▸ PROVIDED ENTRIES:
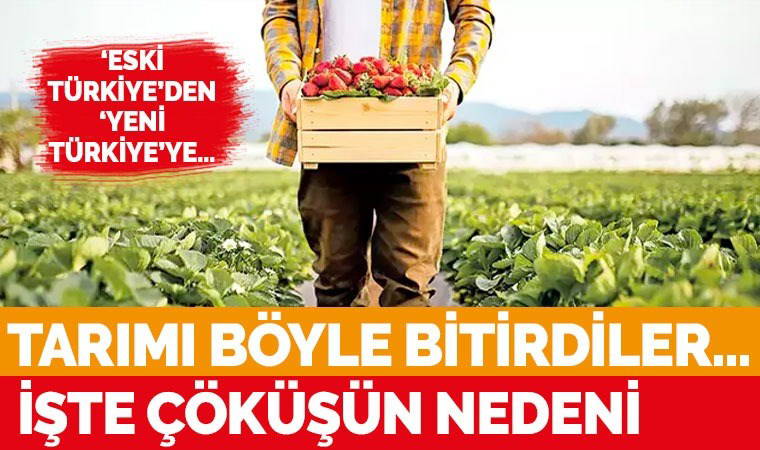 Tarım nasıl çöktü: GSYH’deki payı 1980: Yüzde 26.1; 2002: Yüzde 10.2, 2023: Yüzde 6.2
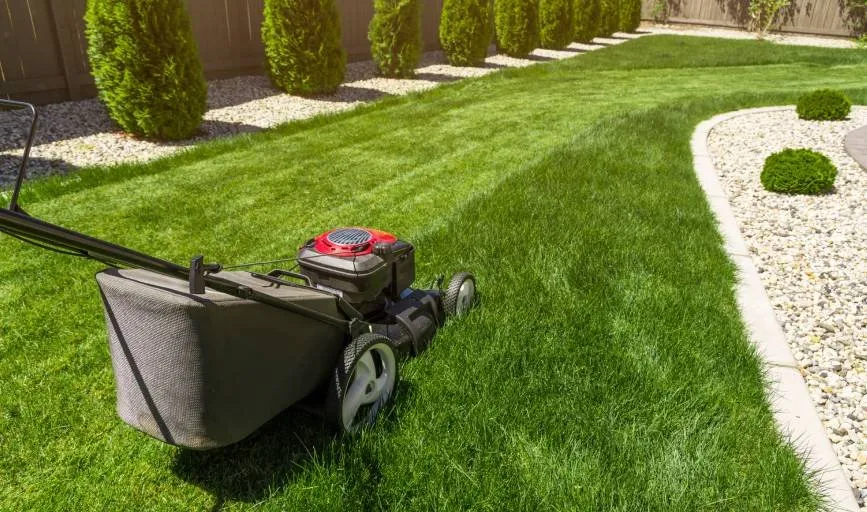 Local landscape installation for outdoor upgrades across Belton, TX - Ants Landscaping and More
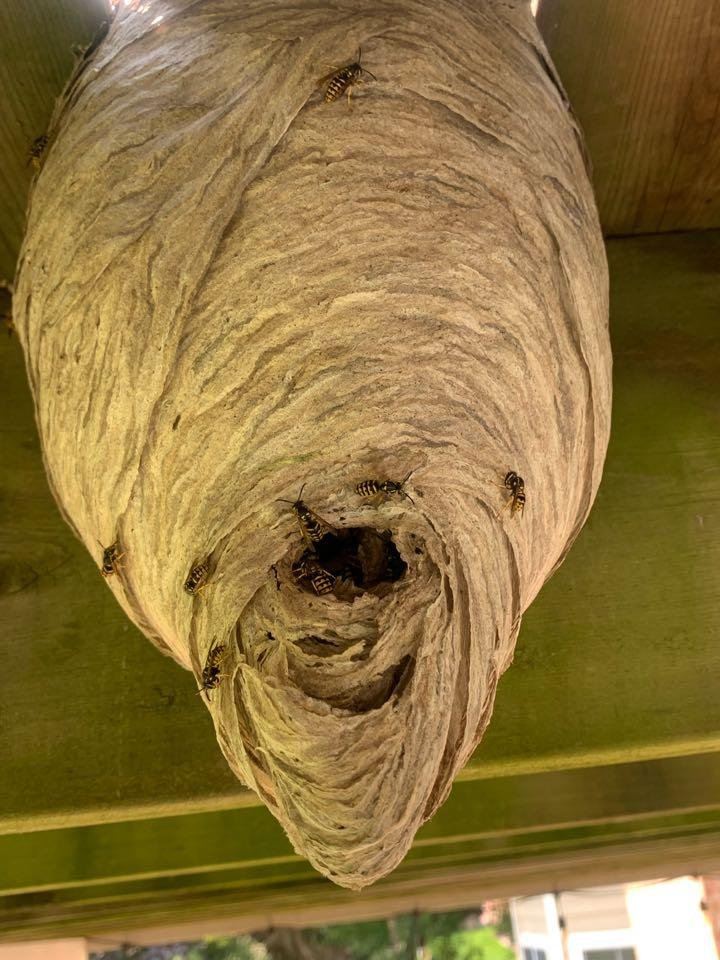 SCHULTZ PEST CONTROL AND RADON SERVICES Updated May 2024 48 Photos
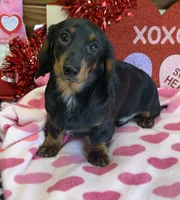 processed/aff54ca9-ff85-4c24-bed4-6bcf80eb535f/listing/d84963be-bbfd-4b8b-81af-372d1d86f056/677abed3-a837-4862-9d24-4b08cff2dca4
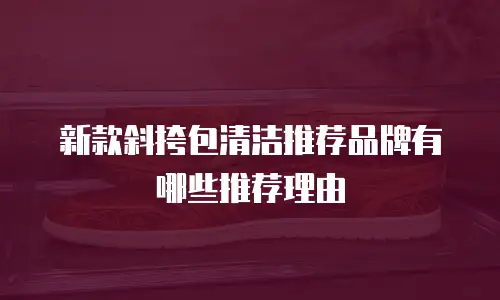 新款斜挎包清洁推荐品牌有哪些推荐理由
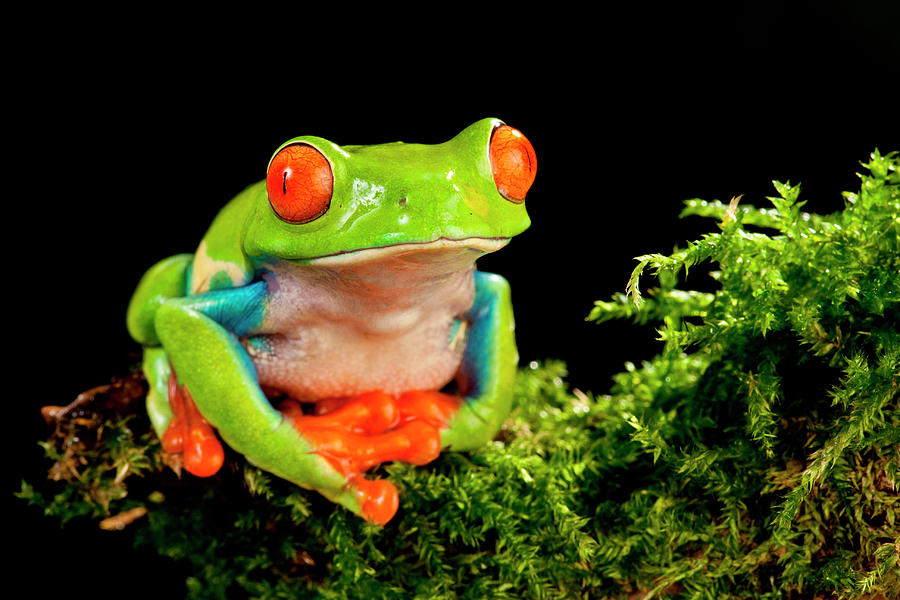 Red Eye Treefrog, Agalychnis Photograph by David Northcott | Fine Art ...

* * *

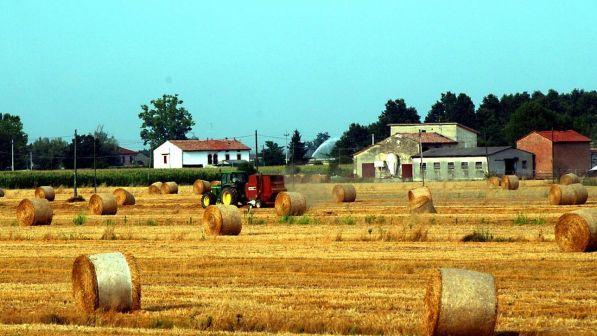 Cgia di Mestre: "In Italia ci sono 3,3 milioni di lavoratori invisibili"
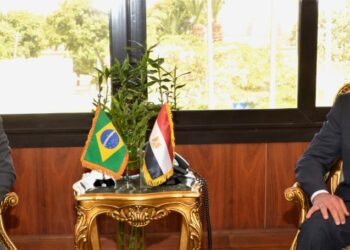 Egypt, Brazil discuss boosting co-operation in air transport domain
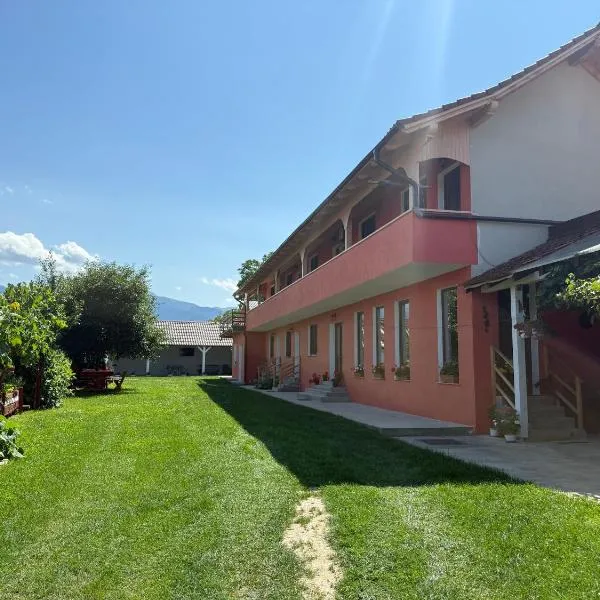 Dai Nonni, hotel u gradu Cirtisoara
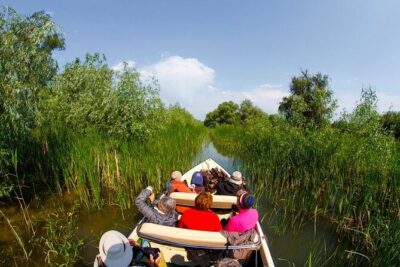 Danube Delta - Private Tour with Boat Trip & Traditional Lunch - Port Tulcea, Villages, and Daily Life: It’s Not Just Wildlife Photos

---

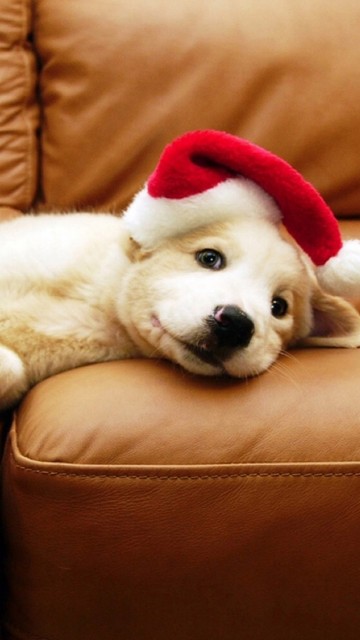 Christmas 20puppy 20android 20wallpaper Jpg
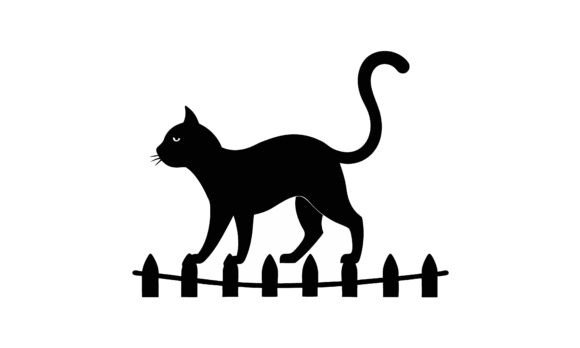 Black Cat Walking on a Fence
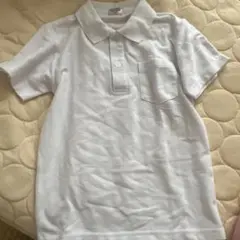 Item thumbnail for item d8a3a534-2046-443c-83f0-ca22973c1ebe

▸ WHAT YOU HAVE TO DO: Here the job is to copy the stretch of records from the line containing "Tarım nasıl çöktü: GSYH’deki" through the line containing "Red Eye Treefrog, Agalychnis", word for word. Leave every picture out.

▸ WRITTEN SOLUTION:
 Tarım nasıl çöktü: GSYH’deki payı 1980: Yüzde 26.1; 2002: Yüzde 10.2, 2023: Yüzde 6.2
 Local landscape installation for outdoor upgrades across Belton, TX - Ants Landscaping and More
 SCHULTZ PEST CONTROL AND RADON SERVICES Updated May 2024 48 Photos
 processed/aff54ca9-ff85-4c24-bed4-6bcf80eb535f/listing/d84963be-bbfd-4b8b-81af-372d1d86f056/677abed3-a837-4862-9d24-4b08cff2dca4
 新款斜挎包清洁推荐品牌有哪些推荐理由
 Red Eye Treefrog, Agalychnis Photograph by David Northcott | Fine Art ...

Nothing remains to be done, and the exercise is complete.